Two young black girls recited an original poem, titled: "I'm Too Colored For You," addressed to the initial speaker's "white ex-best friend who let her white girlfriend call me a n—."

"How could you expect me not to be triggered?" she rhetorically asked while passing the spotlight off.

"I'm too colored for you to having my dad leave for weeks over another case of police using their racist techniques," the second poet took over.

They continued back and forth with the same prefacing setup. One claimed she was "too colored" to attend the Aquinas Institute of Rochester because she wasn't "white enough" for her teacher to instruct her. The other alleged that she was banned from an amusement park based on the color of her skin. Then the opener described her supposed experiences being followed and eyed at stores. "Being black is supposedly a crime," she yelled.

"Shall we go on? It's been 400 years too long," the duo shouted in unison, referring to the year 1619 when a ship with 20 enslaved Africans onboard arrived in the English colony of Virginia.

"Why do we go through so much discrimination? Why does black define the prison population? And why does my blackness give me these lifelong limitations?" they volleyed questions.

"Take care of yourself," one BLM activist stated into a handheld microphone to her fellow surrounding protesters. "Because if you're anything like me, sometimes I'm looking behind me. Sometimes I'm thinking I see things that I may not see. I hear things I may not hear."

When a white man stood up in front of the crowd to express himself before the raging mob, a black BLM protester repeatedly shouted: "Shut the f**k up!"

BLM organisers reportedly segregated protesters, designating a “black only” section to resolve disputes. One Antifa member was confronted and commanded to leave because he wasn't black.

Marked press was ordered by BLM heads not to film or photograph any incident. Members of the media simply nodded and complied with little pushback, leaving the scene on command.

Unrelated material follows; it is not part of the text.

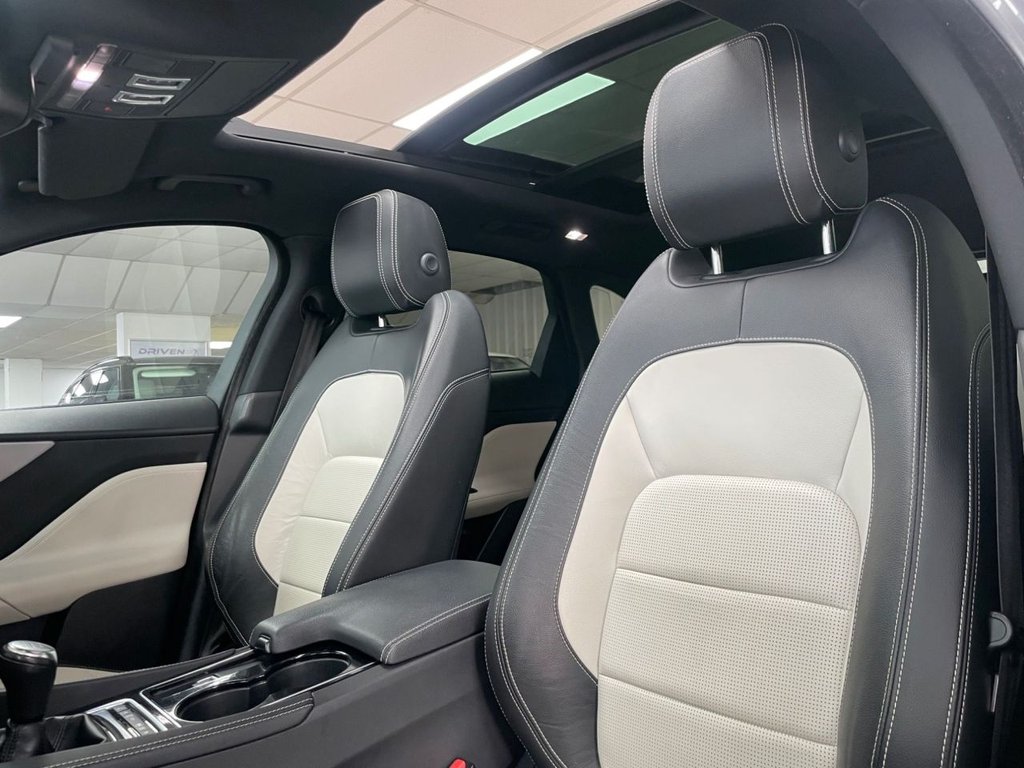 Used Jaguar F-Pace 2018 for sale - 76367486: Photo 33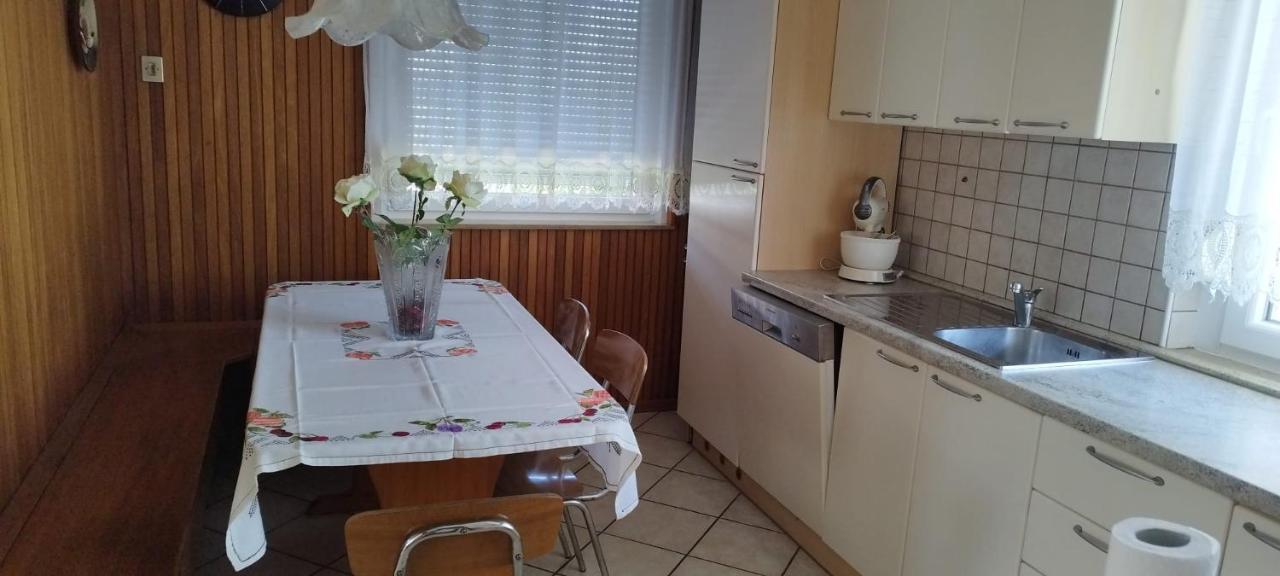 7 Flower Street Apartment Sempeter pri Gorici Buitenkant foto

"Media are f*cking cowards these days, not even willing to show what’s really happening here," Schaffer tweeted.

A photographer for The New York Times was blocked from capturing an altercation. He was filmed, interrogated, and stopped by black bloc Antifa from reporting for his assignment.

This comes after BLM Rochester rioters attacked restaurant patrons and injured three police officers last week, leading to eleven arrests and three felony charges.